Le séjour de Géronimo fait suite à un appel des insurgé·es aux artistes et scientifiques du monde entier à venir leur « montrer de quoi demain sera fait ». «Je leur ai montré comment fabriquer du gel hydroalcoolique, en assurant la formation des promoteurs de santé à la protection contre les microbactéries », résume-t-il.

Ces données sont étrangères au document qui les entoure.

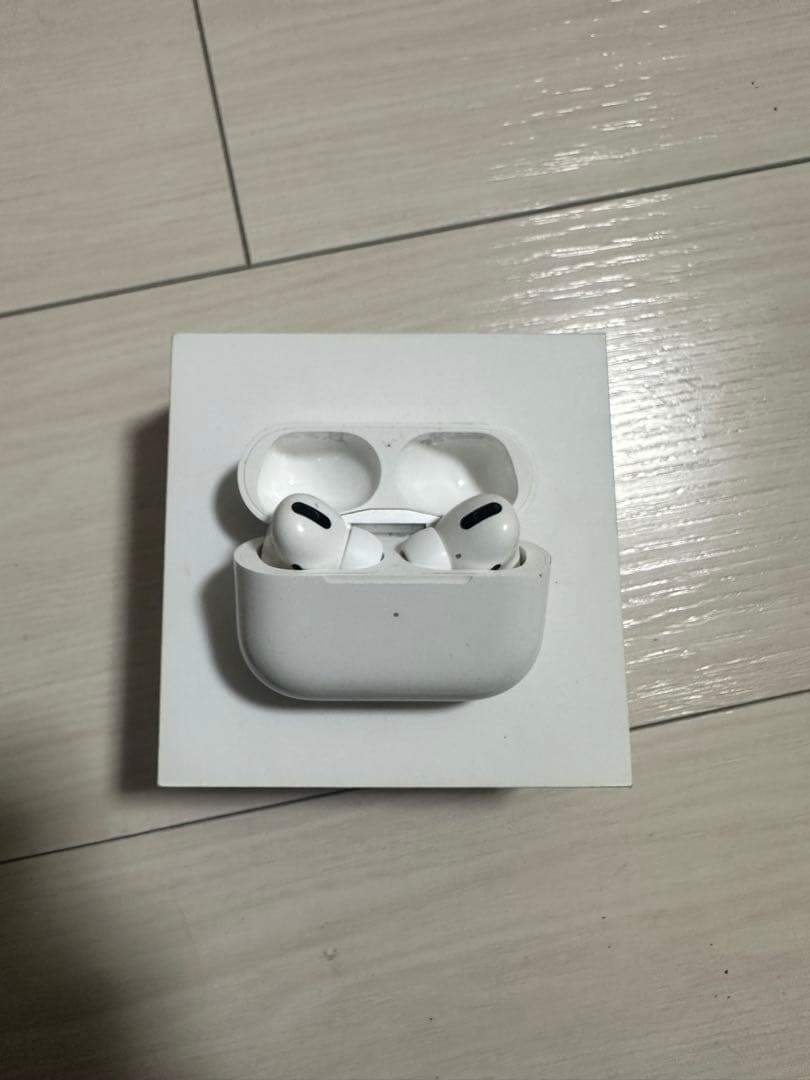 s*y様 AirPodsPro 第二世代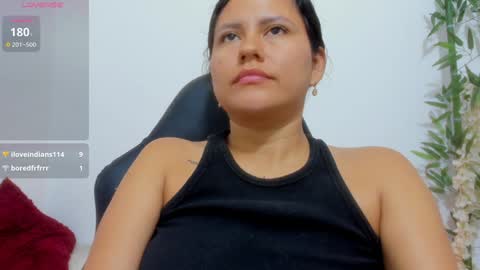 Eva online show from 01/17/25, 11:07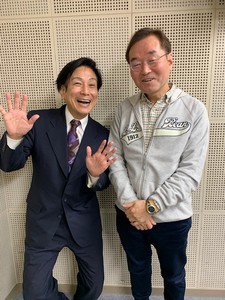 桂文之助さん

Sur Montpellier, il anime le collectif Mut Vitz 34. « On distribue le café produit dans la coopérative Yatchil, forte de 700 producteurs », explique-t-il. « Iels nous disent le nombre de sacs qu’iels pensent nous envoyer, on paie, on distribue aux adhérents de Mut Vitz 34. On leur laisse 30% du prix de vente, le reste passe dans le transport et la torréfaction qu’on fait ici, on ne garde rien. On les laisse faire ce qu’iels veulent avec l’argent. » Une solidarité qui se retrouve aussi dans le département voisin : Tous les ans, les membres du collectif Mut Vitz de l’Aude organisent en septembre un festival des luttes à Armissan.

Petit à petit, les liens se renforcent. En 2021, des délégations zapatistes débarquent en Europe pour le « Voyage pour la Vie », en opposition à la mort que promet le néolibéralisme aux peuples, pour aller voir comment on lutte sur les cinq continents. Dans la région, c’est la Caravane de convergences pour les Autonomies et Résistances en Languedoc (Caracol) qui assure l’accueil. Marianita et Géronimo s’y investissent. Au bilan, un vivifiant partage d’expérience.

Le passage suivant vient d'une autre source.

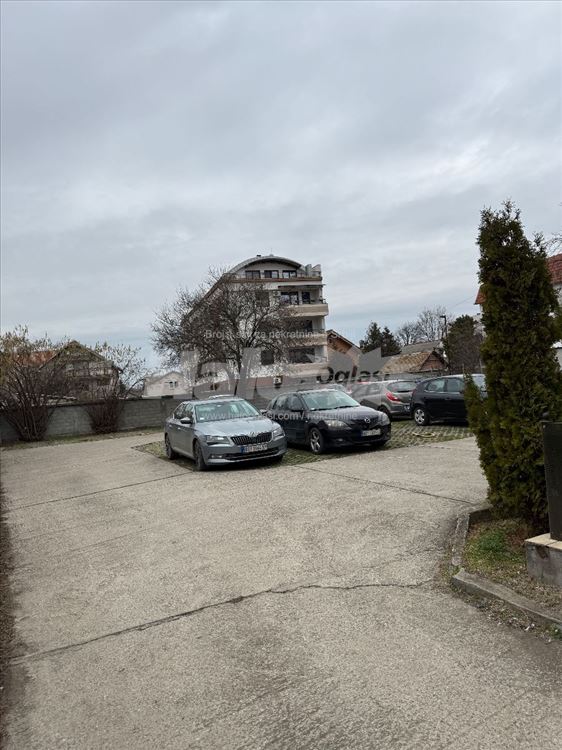 Zemun, opremljen stan — 9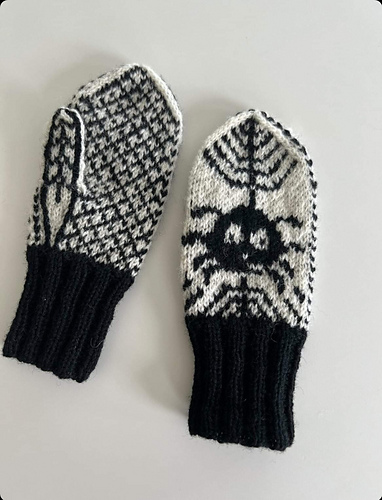 Lille Petter-votter - Vivian Aas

Depuis la Caracol est en stand-by. « On nous sollicite parfois pour un événement en particulier. », nuance Marianita. Elle a pu exposer ses photos ramenées du Chiapas dans différents lieux du sud des Cévennes, comme la P’tite Base au Vigan ou l’Étuve à Pont-l’Hérault.

Une révolution menacée

Aujourd’hui l’expérience zapatiste fait face à de nombreuses difficultés. « Le nouveau président mexicain, Andrés Manuel López Obrador, d’une gauche centriste, a lancé de grands projets, comme la ligne de train Cancun-Palenque, qui traverse les territoires zapatistes », explique Géronimo.

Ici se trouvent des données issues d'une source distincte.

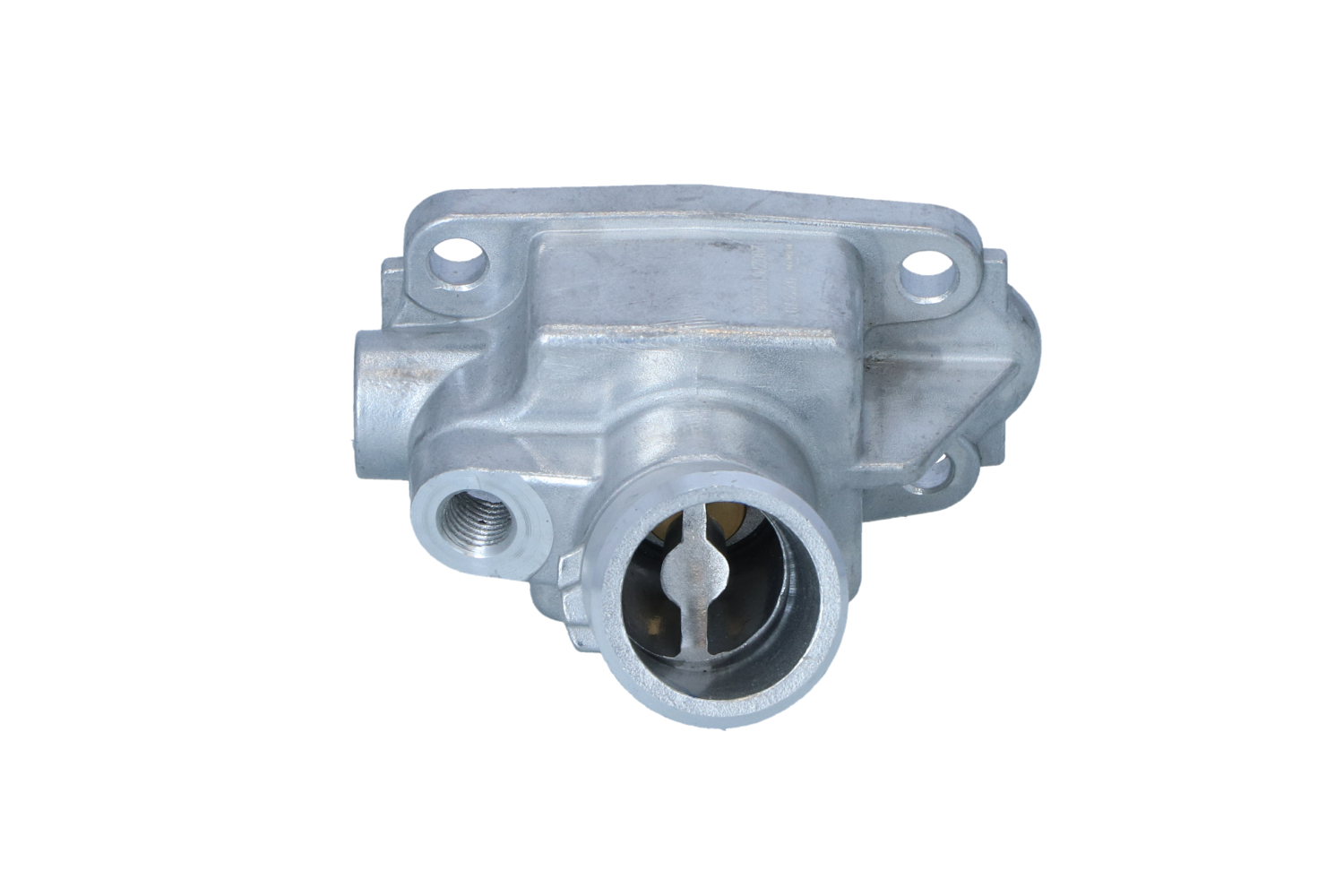 725265 NRF Coolant thermostat IVECO Opening Temperature: 79°C, with housing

Les groupes paramilitaires qui recrutent notamment parmi des producteurs de café qui veulent récupérer les terres zapatistes ont donc toujours pignon sur rue pour leurs exactions. Géronimo en voit les effets jusqu’à Montpellier : « La coopérative Yatchil a perdu des participant·es intimidé·es par les violences, on reçoit moins de café. »

Le Chiapas est aussi en proie à de nouvelles menaces. Les cartels se livrent une guerre sans merci pour le contrôle de la région, attirés par la frontière guatémaltèque. « Il y a encore des observateur·rices internationaux malgré les cartels. », souligne Marianita. « Mais pour les trente ans du soulèvement les zapatistes ont prévenu qu’iels n’étaient pas en mesure d’assurer la sécurité d’éventuels visiteurs. » De quoi freiner de nouveaux déplacements, mais pas la solidarité sur place, qui elle, continue par divers événements.